Excerpted records
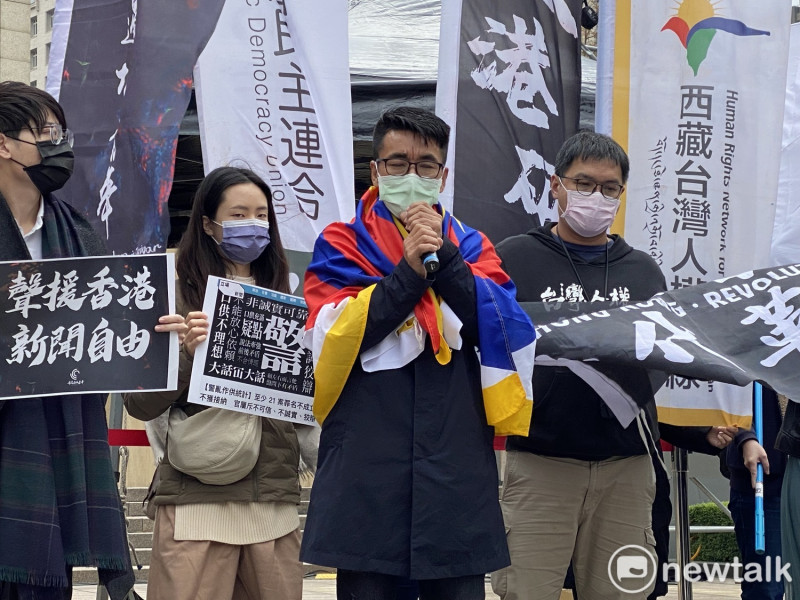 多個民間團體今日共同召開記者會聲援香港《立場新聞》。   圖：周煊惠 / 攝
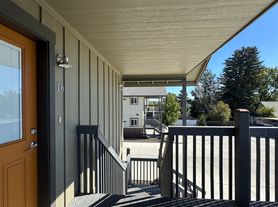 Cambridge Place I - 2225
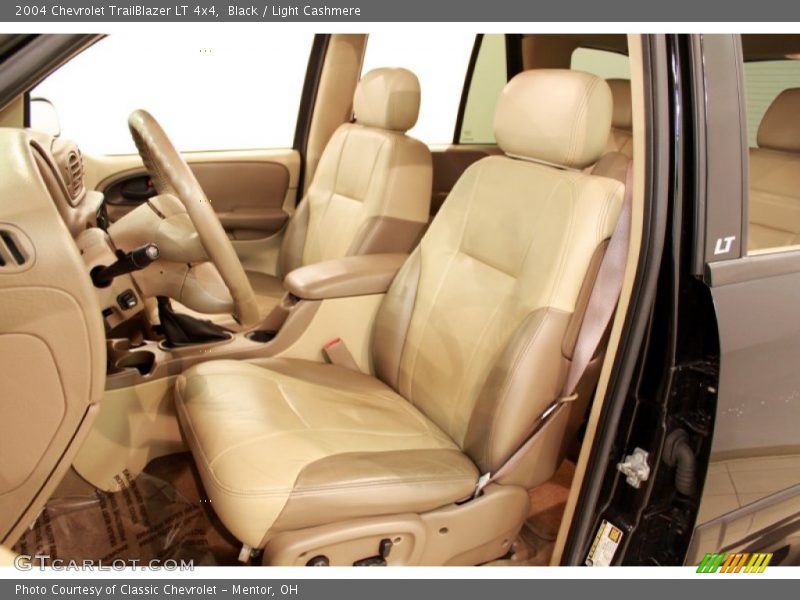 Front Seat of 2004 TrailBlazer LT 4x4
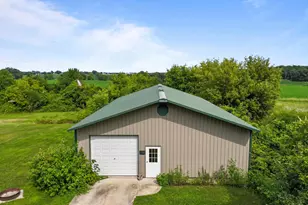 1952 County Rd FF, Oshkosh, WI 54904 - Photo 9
* * *
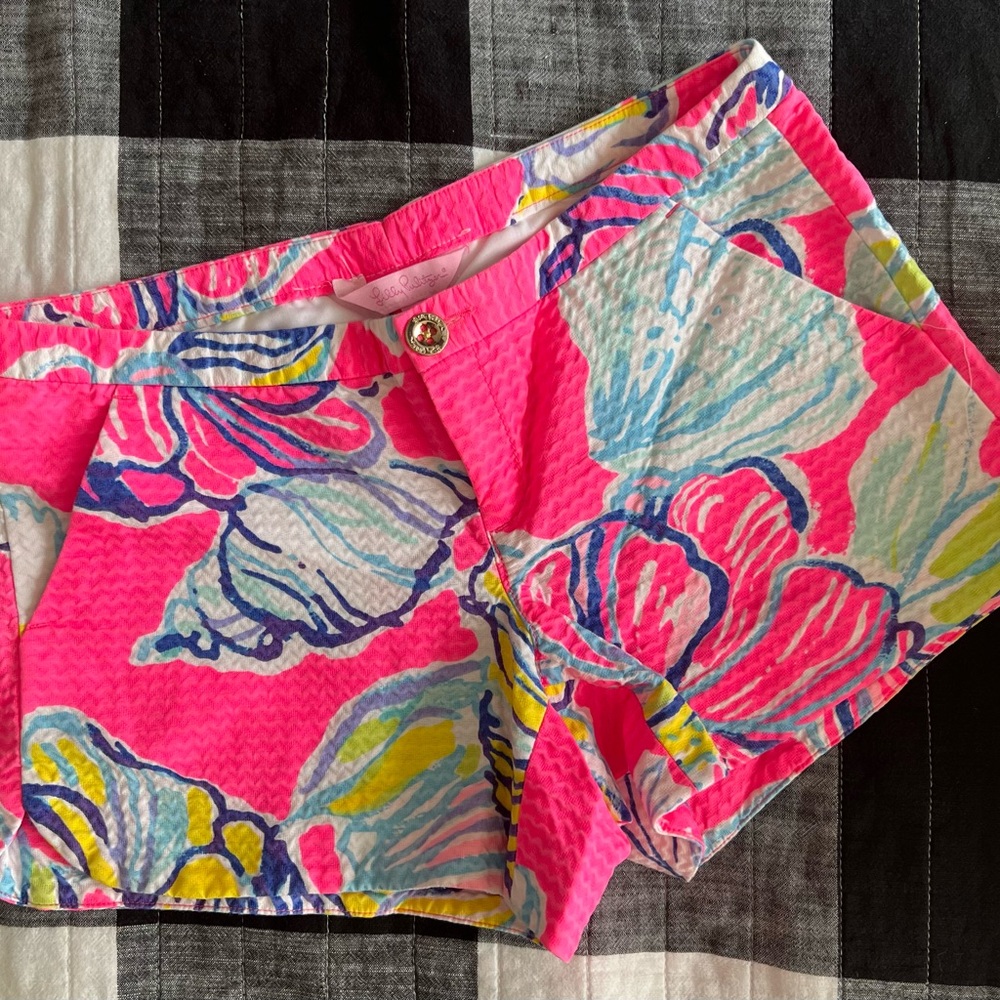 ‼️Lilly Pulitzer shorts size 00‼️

Work request
What you need to produce is an exact copy of the entries above, limited to the lines from the one with "多個民間團體今日共同召開記者會聲援香港《立場新聞》。   圖：周煊惠 / 攝" up to and including the one with "1952 County Rd", without pictures.

Task output
 多個民間團體今日共同召開記者會聲援香港《立場新聞》。   圖：周煊惠 / 攝
 Cambridge Place I - 2225
 Front Seat of 2004 TrailBlazer LT 4x4
 1952 County Rd FF, Oshkosh, WI 54904 - Photo 9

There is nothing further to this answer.